Age and gender demographic data for the study sample (Table 1; further details are given in online Table DS1) were similar to those of the total population of patients in the 15 clinics, where the mean age was 34 years and 33.5% were women. The CONSORT flowchart for inclusion and analysis of patients can be seen in Fig. 1. The main reasons for ineligibility were not completing treatment as planned, awaiting transfer to other clinics and starting maintenance treatment. After randomisation the two study groups did not differ significantly on any variable except for benzodiazepine use (Table 1), where the implant group had significantly more years of use in their lifetime than the control group. The implant group had non-significantly more weeks in a controlled environment before inclusion, averaging 27 weeks (s.d. = 34.2) v. 12.6 weeks (s.d. = 42) for controls (P = 0.17). Most patients in the sample were injecting drug users (Table 1), and 26 of 29 in the implant group and 25 of 27 in the control group used more than one drug. The last participant completed follow-up by January 2008, with mean follow-up times being 187 days (s.d. = 21) since implantation for the implant group and 181 days (s.d. = 24) since inclusion for the control group (difference: P = 0.38, 95% CI –18 to 7).
Fifty-two patients (93%) were followed up at 6 months. Two patients were lost to follow-up (but confirmed by treatment staff to be alive at 6 months) and two died, one in each group. The death in the implant group was one of three patients who discharged themselves from the clinic, thus avoiding implantation. Eight patients in Kristiansand failed or refused to complete forms, and for this reason it was not possible to control for the influence of centre as a factor on measures of depression and of life or treatment satisfaction.

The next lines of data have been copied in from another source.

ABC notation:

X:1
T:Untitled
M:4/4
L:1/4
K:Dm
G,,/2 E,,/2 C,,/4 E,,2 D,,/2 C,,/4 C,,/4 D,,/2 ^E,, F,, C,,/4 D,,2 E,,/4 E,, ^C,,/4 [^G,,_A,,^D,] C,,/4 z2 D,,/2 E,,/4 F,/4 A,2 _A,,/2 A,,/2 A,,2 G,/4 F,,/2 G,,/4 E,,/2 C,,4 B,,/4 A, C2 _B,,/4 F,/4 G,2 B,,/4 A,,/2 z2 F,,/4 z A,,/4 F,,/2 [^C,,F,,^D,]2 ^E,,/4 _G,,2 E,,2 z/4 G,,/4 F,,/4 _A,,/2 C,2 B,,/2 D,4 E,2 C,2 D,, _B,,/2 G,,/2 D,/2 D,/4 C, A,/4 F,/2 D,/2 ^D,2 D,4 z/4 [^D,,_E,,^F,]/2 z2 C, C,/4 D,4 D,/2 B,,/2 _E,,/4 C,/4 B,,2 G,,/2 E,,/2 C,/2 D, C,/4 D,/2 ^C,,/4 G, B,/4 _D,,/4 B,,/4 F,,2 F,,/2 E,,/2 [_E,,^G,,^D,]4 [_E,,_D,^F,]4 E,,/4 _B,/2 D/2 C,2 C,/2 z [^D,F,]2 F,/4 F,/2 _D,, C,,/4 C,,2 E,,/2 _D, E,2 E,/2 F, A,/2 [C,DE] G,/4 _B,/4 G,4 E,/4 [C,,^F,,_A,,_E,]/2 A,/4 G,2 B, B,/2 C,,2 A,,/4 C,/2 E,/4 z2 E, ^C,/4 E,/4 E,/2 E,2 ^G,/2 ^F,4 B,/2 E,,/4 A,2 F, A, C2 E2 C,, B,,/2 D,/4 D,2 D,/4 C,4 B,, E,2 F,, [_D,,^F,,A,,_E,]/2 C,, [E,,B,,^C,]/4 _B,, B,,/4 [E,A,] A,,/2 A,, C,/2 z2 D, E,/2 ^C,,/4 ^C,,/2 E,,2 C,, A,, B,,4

Plasma levels of study medication
Plasma levels from the 14 patients who presented themselves for testing were of similar distribution to previous trials,20 with levels of naltrexone staying above 1 ng/ml for the duration of 6 months and above 2 ng/ml for about 5 months. Levels of the metabolite 6-β-naltrexol had a similar distribution.

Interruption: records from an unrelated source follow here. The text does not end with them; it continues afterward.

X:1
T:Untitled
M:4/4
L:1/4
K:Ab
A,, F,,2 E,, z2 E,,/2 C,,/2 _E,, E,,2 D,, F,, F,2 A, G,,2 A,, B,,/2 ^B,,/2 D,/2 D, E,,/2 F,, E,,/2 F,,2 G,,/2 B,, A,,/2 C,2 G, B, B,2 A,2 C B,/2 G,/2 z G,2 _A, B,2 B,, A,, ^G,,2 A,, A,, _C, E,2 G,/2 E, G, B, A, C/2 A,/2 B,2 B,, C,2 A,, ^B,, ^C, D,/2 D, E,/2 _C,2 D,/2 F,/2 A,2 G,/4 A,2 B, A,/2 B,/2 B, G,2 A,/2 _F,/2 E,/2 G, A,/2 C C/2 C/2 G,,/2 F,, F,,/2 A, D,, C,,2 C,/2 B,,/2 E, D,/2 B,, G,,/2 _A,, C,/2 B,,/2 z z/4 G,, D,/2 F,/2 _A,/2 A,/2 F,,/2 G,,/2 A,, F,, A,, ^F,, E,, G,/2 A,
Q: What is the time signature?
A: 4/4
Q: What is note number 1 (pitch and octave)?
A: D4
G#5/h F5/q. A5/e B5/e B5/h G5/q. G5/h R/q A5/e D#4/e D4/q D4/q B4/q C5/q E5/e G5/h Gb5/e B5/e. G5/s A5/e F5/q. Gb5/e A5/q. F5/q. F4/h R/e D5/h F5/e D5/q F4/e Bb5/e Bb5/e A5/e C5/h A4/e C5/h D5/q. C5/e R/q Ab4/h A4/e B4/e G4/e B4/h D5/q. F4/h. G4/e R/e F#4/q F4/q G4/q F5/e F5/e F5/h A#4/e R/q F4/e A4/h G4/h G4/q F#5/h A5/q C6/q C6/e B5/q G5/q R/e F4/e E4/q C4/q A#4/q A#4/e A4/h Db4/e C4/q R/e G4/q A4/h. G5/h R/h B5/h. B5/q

Using intention-to-treat (ITT) analyses on the 56 included patients, the implant group reported use of significantly less opioids than controls on all opioid use outcome measures (Table 2). On the 180-day timeline follow-back, the implant group reported heroin use on an average of 17.9 days (s.d. = 41.8) and opioid use on 37 days (s.d. = 63.8), compared with 63.6 days (s.d. = 70.6) and 97.1 days (s.d. = 80.9) respectively for controls. These were reflected in significant differences in the ASI 30-day variable, with the implant group reporting a mean of 3.5 days (s.d. = 7.4) and 6.3 days (s.d. = 1.5) of heroin and opioid use respectively compared with the control group's 11.4 days (s.d. = 13.9) and 17.4 days (s.d. = 14.3). On the ASI frequency scale the implant group scored on average 0.8 (s.d. = 0.98) compared with 1.5 (s.d. = 1.3) in the control group, a difference of 0.73 (P<0.05, 95% CI 0.11–1.34); the mean score for use of all opioids on this scale was 0.92 (s.d. = 1.0) for the implant group and 2.0 (s.d. = 1.2) for the control group (difference: P<0.001, 95% CI 0.45–1.7. These ITT results include last observations carried forward for patients lost to follow-up and those who had implants removed.

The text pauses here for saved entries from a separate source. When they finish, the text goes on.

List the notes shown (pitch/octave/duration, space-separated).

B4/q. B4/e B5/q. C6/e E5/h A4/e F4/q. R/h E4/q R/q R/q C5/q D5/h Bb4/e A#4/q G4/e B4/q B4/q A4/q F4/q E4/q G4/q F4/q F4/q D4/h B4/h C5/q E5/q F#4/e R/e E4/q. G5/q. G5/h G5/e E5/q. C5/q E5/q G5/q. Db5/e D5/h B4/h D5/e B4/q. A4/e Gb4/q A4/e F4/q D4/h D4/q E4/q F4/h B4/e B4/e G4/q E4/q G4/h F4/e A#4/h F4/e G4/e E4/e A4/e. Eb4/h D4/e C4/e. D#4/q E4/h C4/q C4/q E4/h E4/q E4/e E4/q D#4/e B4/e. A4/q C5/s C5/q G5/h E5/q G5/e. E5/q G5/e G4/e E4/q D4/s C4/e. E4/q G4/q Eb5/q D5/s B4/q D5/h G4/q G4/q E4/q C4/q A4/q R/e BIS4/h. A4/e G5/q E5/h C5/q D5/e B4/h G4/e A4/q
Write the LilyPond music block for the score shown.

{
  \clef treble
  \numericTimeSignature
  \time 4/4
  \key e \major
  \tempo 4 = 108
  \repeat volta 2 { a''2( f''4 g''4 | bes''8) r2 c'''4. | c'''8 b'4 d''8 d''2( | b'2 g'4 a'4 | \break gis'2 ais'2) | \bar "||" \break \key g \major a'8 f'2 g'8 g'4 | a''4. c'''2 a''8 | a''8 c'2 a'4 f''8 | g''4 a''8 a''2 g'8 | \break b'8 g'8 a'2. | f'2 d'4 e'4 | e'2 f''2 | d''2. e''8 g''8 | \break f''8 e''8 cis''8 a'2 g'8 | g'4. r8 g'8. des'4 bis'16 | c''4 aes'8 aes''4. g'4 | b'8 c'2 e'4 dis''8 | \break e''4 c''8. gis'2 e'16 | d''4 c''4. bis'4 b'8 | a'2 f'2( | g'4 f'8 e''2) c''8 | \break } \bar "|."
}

Differences in self-reported opioid use increased when analyses were restricted to the 49 participants who completed treatment: 180-day timeline data for the implant group were 5.9 days (s.d. = 15) for heroin use and 20.4 (s.d. = 42.6) days for opioid use v. the control group's 63.7 days (s.d. = 72) and 93.9 days (s.d. = 80.8). In the 30 days prior to the follow-up assessment, those completing naltrexone treatment used heroin on an average of 2.85 days (s.d. = 7) and opioids on an average of 6.3 days (s.d. = 11.5) compared with the control group's 12 days (s.d. = 14) and 17.5 days (s.d. = 14.3) respectively. The ASI frequency results for those completing treatment were 0.6 (s.d. = 0.8) and 0.9 (s.d. = 1.0) for heroin and opioid use respectively, while heroin use frequency for completers in the control group was 1.5 (s.d. = 1.3) and 2 (s.d. = 1.2) for opioid use. Differences were significant at P = 0.003 for heroin (mean difference 0.92, 95% CI 0.32–1.53) and P<0.001 for use of all opioids (mean difference 1.1, 95% CI 0.45–1.7). The number of patients abstinent from all opioids for the whole 180-day period was not significant in any of the analyses, with abstinence reported by 5 of 27 in the control group and 11 of 29 in the implant group in ITT analysis. Abstinence figures for the treatment completers sample were 5 of 26 and 11 of 23 for the control and implant groups respectively.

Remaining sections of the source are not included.